Quote:
Originally Posted by unboggling
I see what LadyKate meant about excess span and font tags in some old formats.
I've been looking at some raw book formats: unfixed original downloaded files that I kept separately outside of calibre. Specifically these were original format files that I copied into calibre way back when, then had fixed the calibre copy with the method RTF -> Word (advanced find & replace) -> DOCX.
I added the raw unfixed originals into calibre again as separate duplicate records, converted them to EPUB, and looked at them in Edit Book.
So I saw what LadyKate was talking about. For the most part these formats were extravagantly riddled with excess span and font tags. (That was boggling. I didn't even try to fix them in Edit Book, hadn't a clue where to start. There seemed to be more html tags than content text.) So, like LadyKate said, that usage of spans is another common thing, in addition to the break tag instead of paragraph tags thing. In the past habitually fixing things in RTF in Word, the specific nature of the html problems had been invisible to me.
In the conversion of original to EPUB, calibre had added its own classes to that span mishmash as best it could. Which seemed to make the span multitude harder to deal with.
But I'm just starting to learn about this stuff on the html side. And don't really know what I'm doing there yet.
Meanwhile, I was really looking for an old raw file with a lot of break tags so I could play with theduck's search/replace regex in html editor or Edit Book.
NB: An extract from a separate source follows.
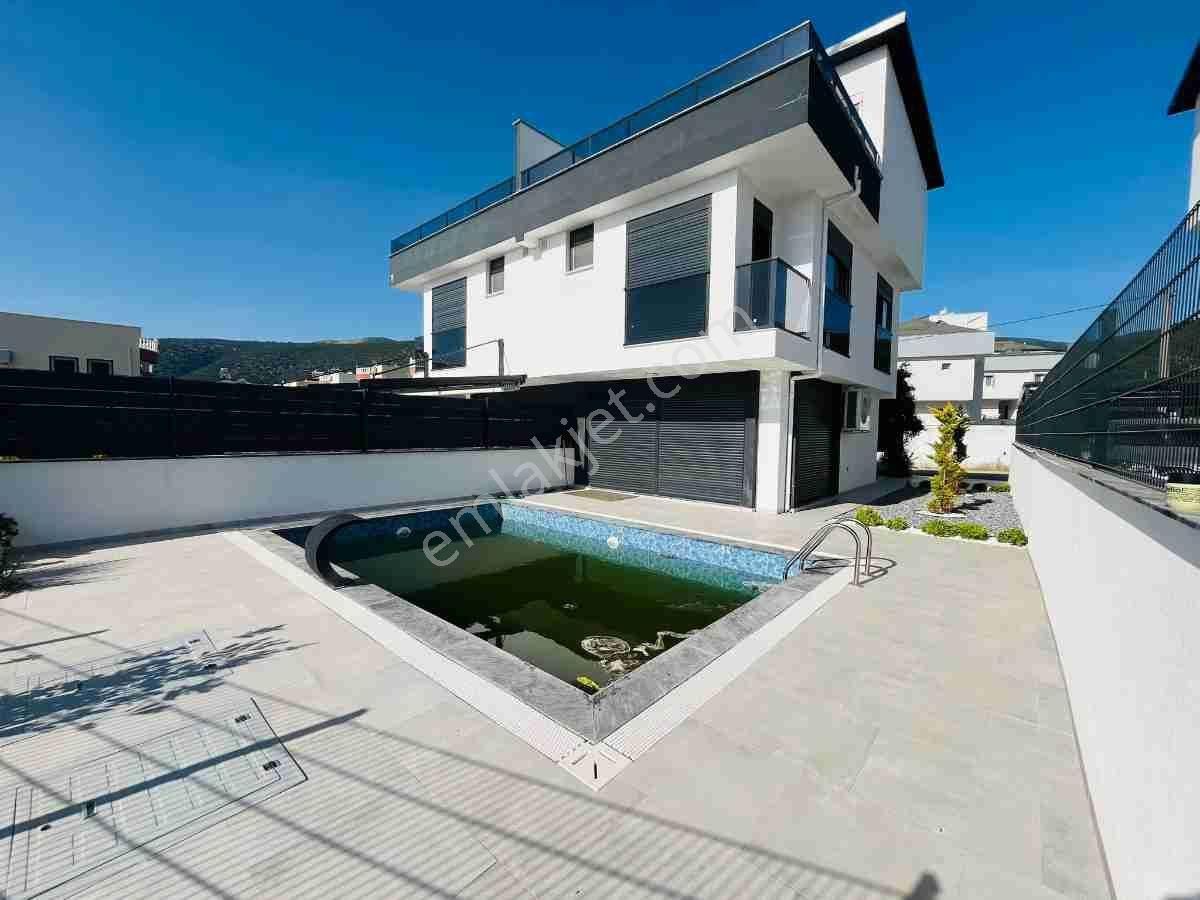 Cool '' Dan Full Deniz Manzaralı Hayalinizdeki Lüks Villa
Didn't find any of those, got distracted by the formats with span problem.
|
The problem is with the way word processors (and rtf editiors are just another form of word processor) work.
I have not seen a word processor since the days of the old dos versions of WordPerfect that shows the codes inserted to change the look and feel of the document created.
Every time you make a change even if you don't complete it, a code is inserted. You change to italic, change your mind, remove the two characters typed, change the color etc. and it leaves more font changes, spans, color changes etc than text.
While you only see the result of all these changes in a WYSIWYG word processor or web page creator, they are only as good as the underlying code.